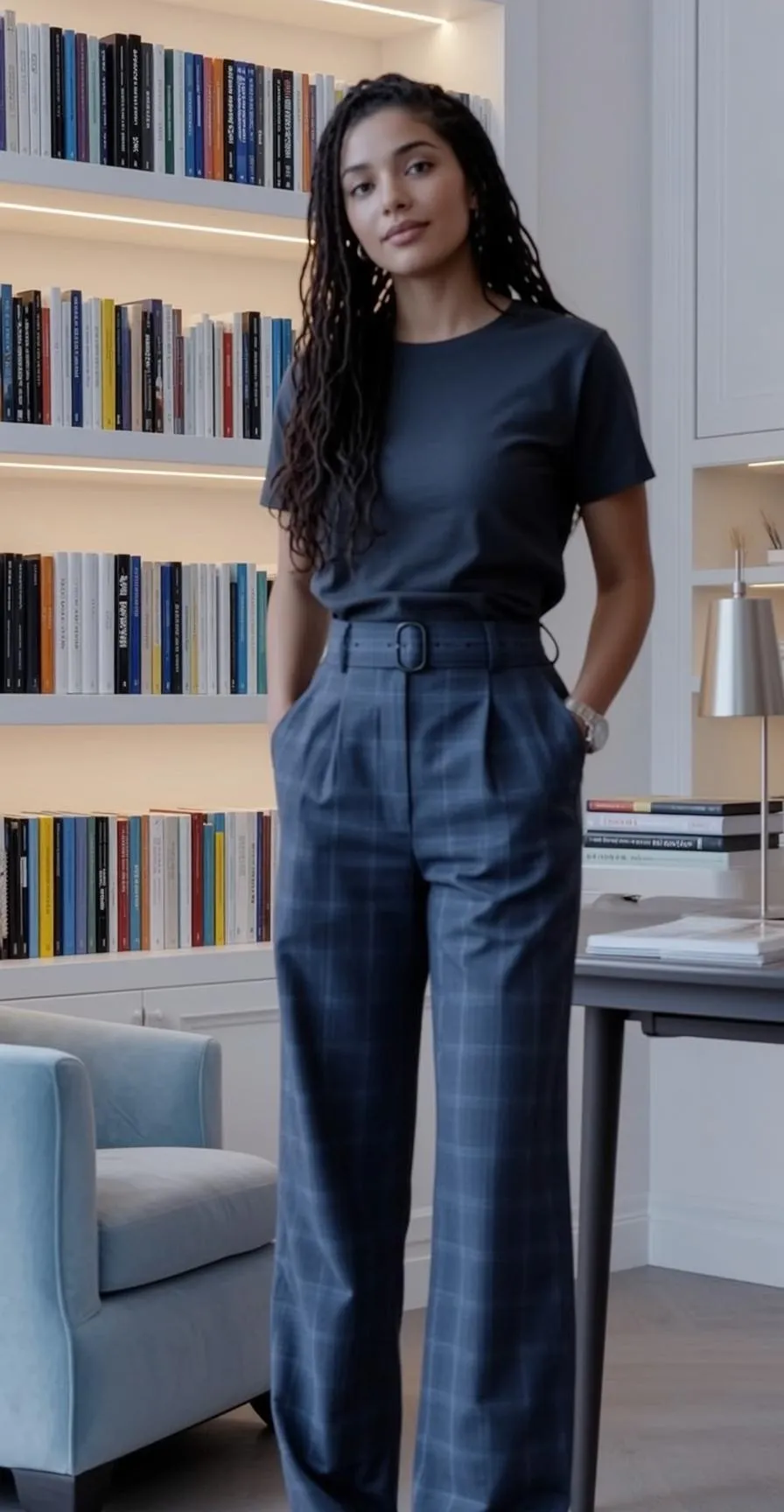 Grey Shirt Locs Office Standing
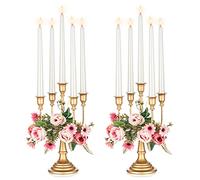 Nuptio Gold Candelabras Candle Holder 29.5cm Set of 2 Metal Candelabra Centrepiece 5-candles Candle Stick Stands Candleholder Fireplace Wedding Reception Antique Decorative Dinning Table Christmas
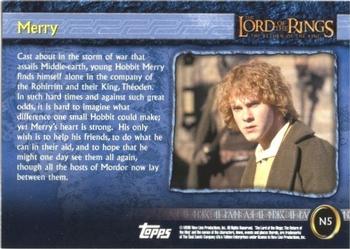 2003 Topps Lord of the Rings: The Return of the King Special Limited Edition (UK) #N05 Merry Back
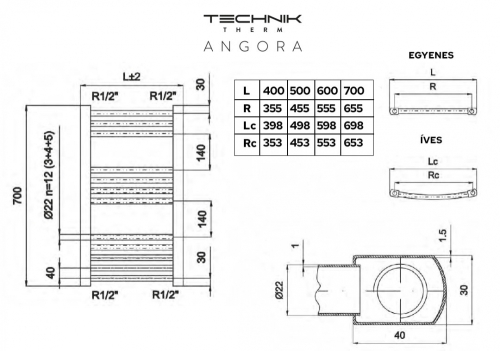 Technik Therm Angora törölközőszárító radiátor 500 mm x 700 mm, egyenes, fehér TTCSEA-500-700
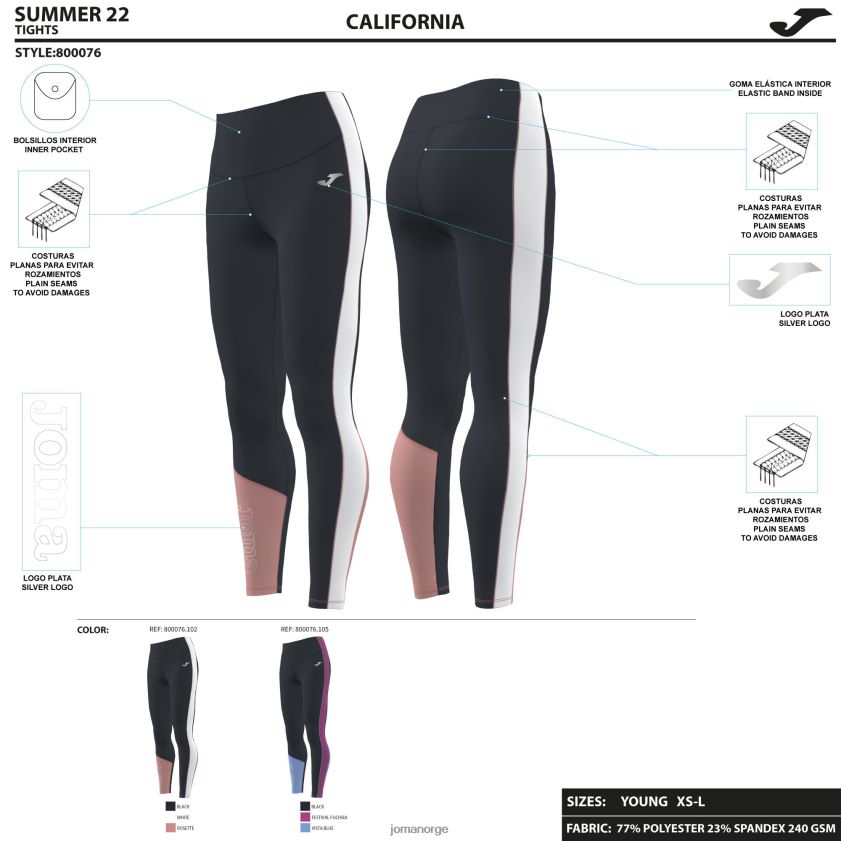 nei Joma lange tights california svart fuchsia blå FBD0T01971 kvinner
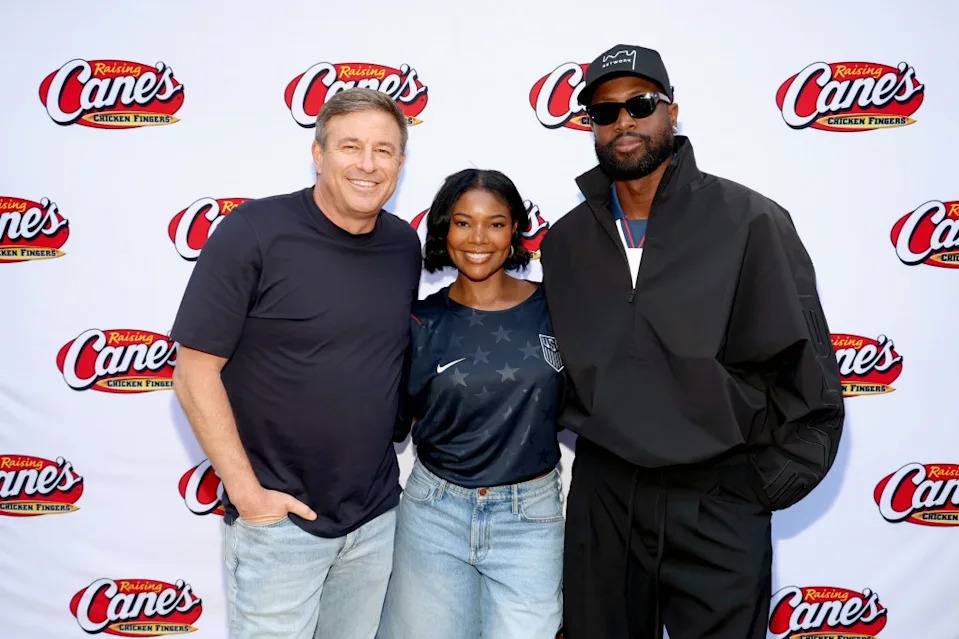 Todd Graves, Gabrielle Union, and Dwyane Wade attend a celebrity party hosted by Todd Graves. Getty Images for Raising Cane's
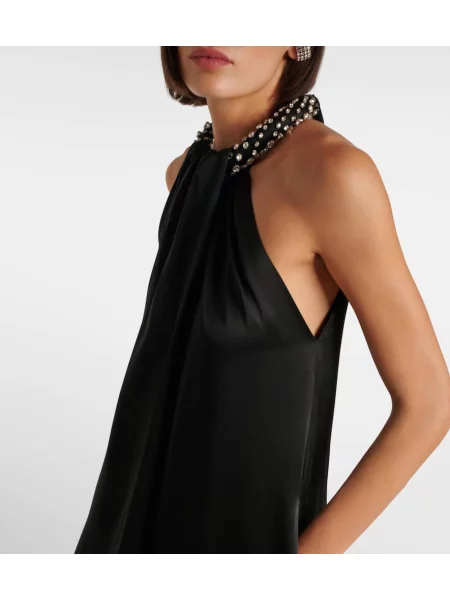 Rochie Stella Mccartney cu broderie cu gât halter negru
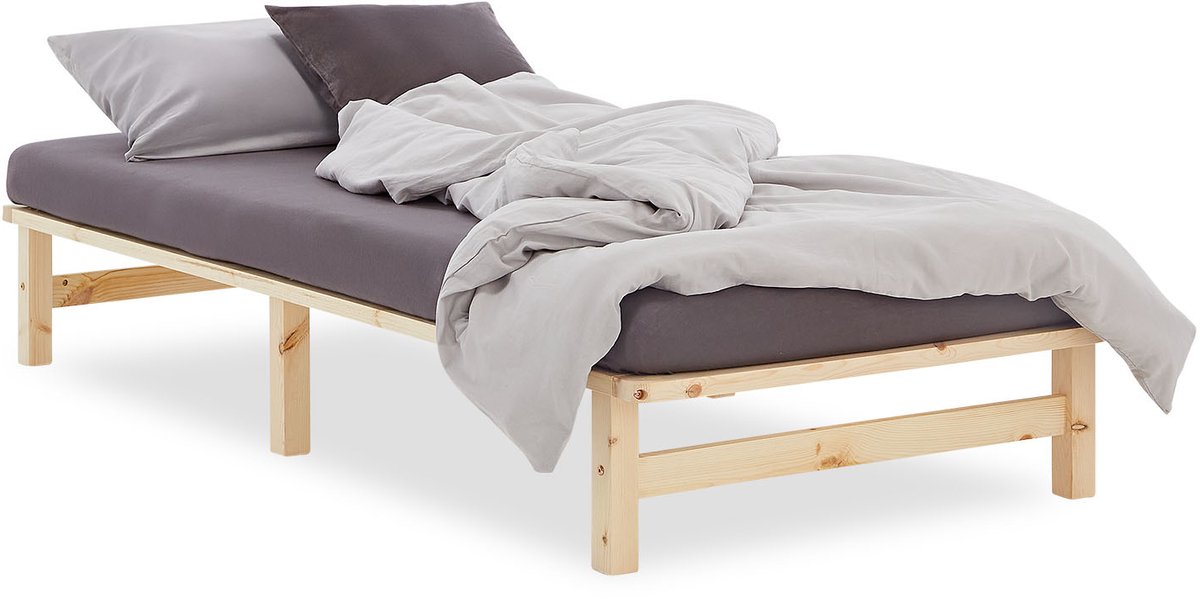 Homestyle4u Houten bed - 100x200 cm - Naturel - met lattenbodem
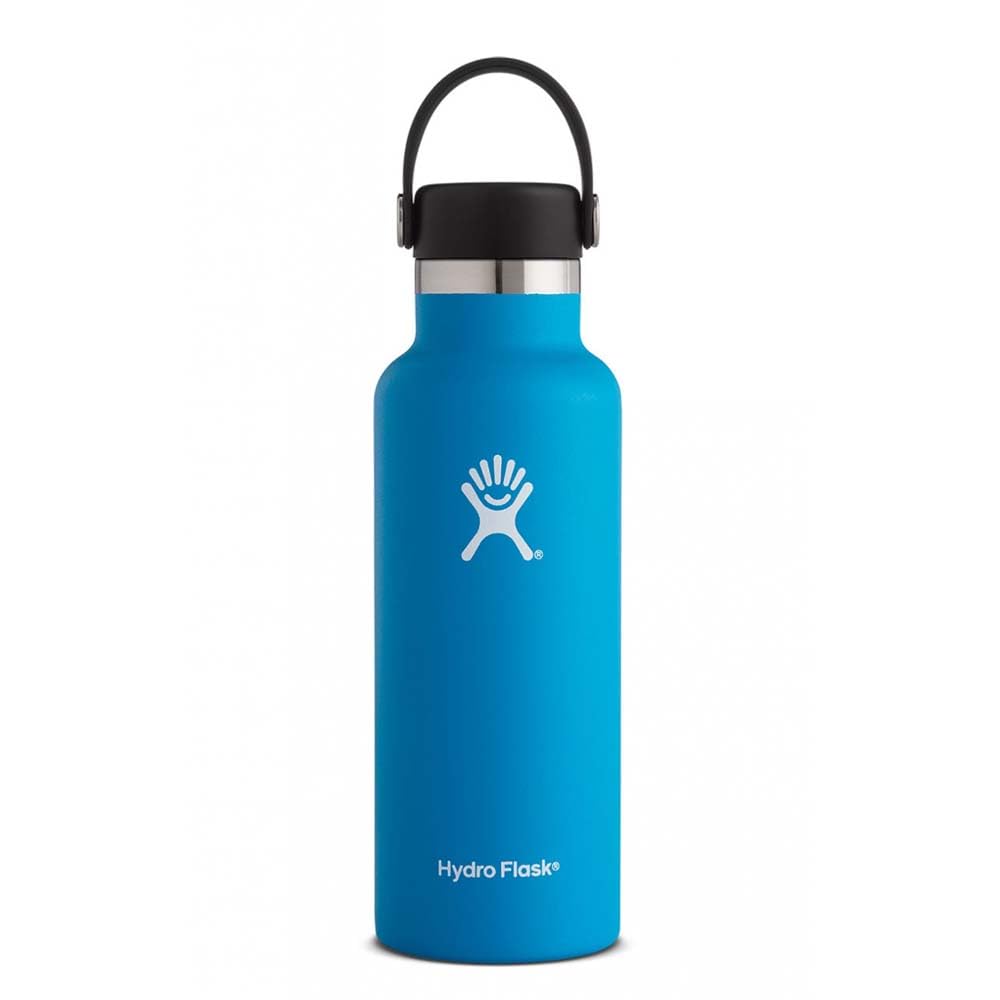 Hydro FlaskWater Bottle 532 ml (18 oz) - Vacuum Insulated Stainless Steel Water Bottle with Leak Proof Flex Cap and Powder Coat - BPA-Free - Standard Mouth - Pacific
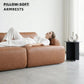 105" Modular Faux Leather Sectional Sofa Deep Seat L-Shape Removable Wipe-Clean Replaceable Cover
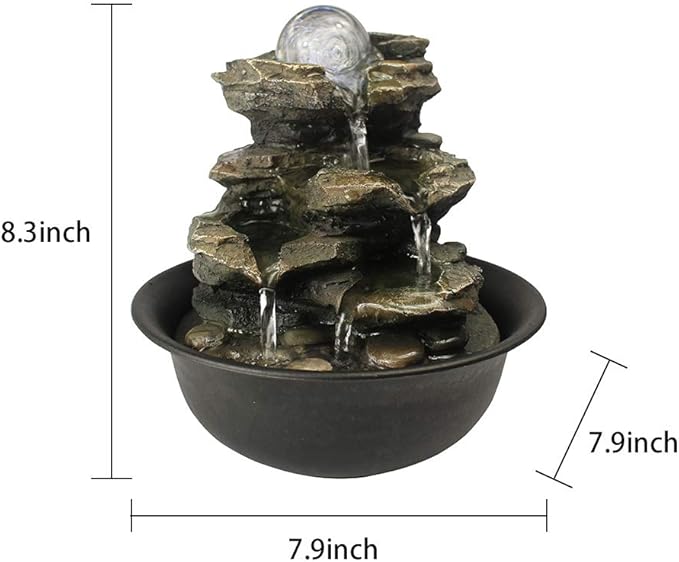 8.3” High Tabletop Water Fountain with Rotating Crystal Ball and LED Light, Indoor Zen Waterfall Decor for Home Office Bedroom Meditation Relaxation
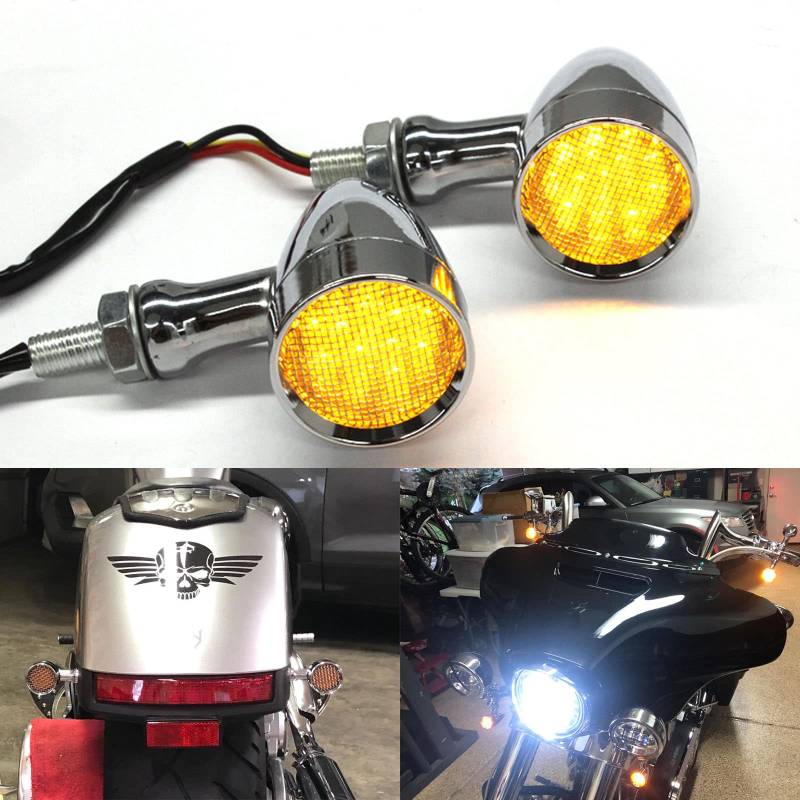 2 Stück Universal-LED-Blinker für Motorrad, Blinklicht, Signalanzeige, für Scooter, Quad, Hors Route, Dirt Bike, Bobber von DREAMIZER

·····

Work order. Restate only the lines running from the start of the material above through the line containing "2003 Topps Lord", ends included. No pictures.

The completed task.
 Grey Shirt Locs Office Standing
 Nuptio Gold Candelabras Candle Holder 29.5cm Set of 2 Metal Candelabra Centrepiece 5-candles Candle Stick Stands Candleholder Fireplace Wedding Reception Antique Decorative Dinning Table Christmas
 2003 Topps Lord of the Rings: The Return of the King Special Limited Edition (UK) #N05 Merry Back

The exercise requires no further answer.